A lógica do negócio está na escala e na alta utilização dos veículos. Diferente de outros ativos, as motos destinadas ao delivery tendem a operar diariamente, com pouca ociosidade. Isso garante fluxo constante de receita e previsibilidade ao investimento.
Estimativas do setor indicam possibilidade de retorno em prazos inferiores a dois anos, dependendo do tamanho da frota e da taxa de ocupação dos veículos.

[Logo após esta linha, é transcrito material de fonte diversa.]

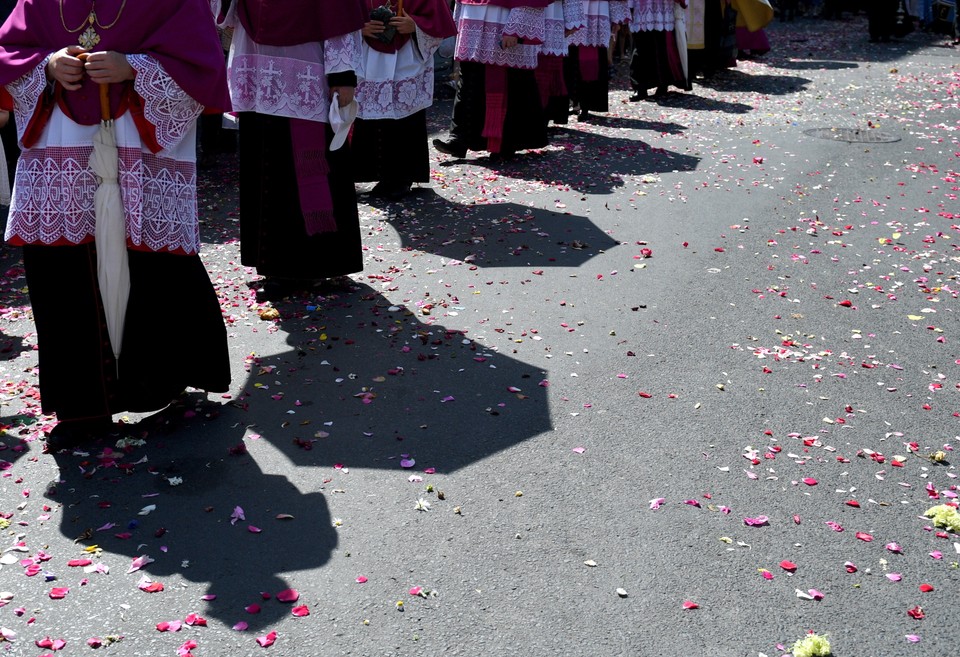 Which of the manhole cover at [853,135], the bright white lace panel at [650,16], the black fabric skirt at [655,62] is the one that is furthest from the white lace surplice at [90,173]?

Goiás e Goiânia despontam como mercados promissores
Fora dos grandes centros, o potencial de expansão é significativo. Em estados como Goiás, o crescimento urbano e a consolidação dos aplicativos de entrega ampliam a demanda por soluções de mobilidade acessível.
Em Goiânia, o avanço do setor de serviços e alimentação, aliado à expansão do delivery, cria um ambiente favorável para o desenvolvimento desse mercado. A capital concentra um número crescente de trabalhadores por aplicativo, muitos dos quais não possuem veículo próprio.

Além disso, o custo de entrada mais baixo em relação a grandes capitais favorece a atuação de pequenos investidores e empreendedores locais, que podem operar frotas menores com foco regional.
Mobilidade se consolida como infraestrutura de trabalho
A tendência é de continuidade no crescimento nos próximos anos, acompanhando a expansão dos aplicativos e a transformação das relações de trabalho. A mobilidade, nesse contexto, deixa de ser apenas consumo e passa a funcionar como infraestrutura essencial para a geração de renda.
O impacto vai além do setor de transportes. O modelo cria oportunidades econômicas, amplia o acesso ao trabalho e redefine a lógica de uso dos veículos no país. Em cidades médias, como Goiânia, esse movimento tende a se intensificar, consolidando um mercado que já nasce com alta demanda e perspectiva de expansão sustentada.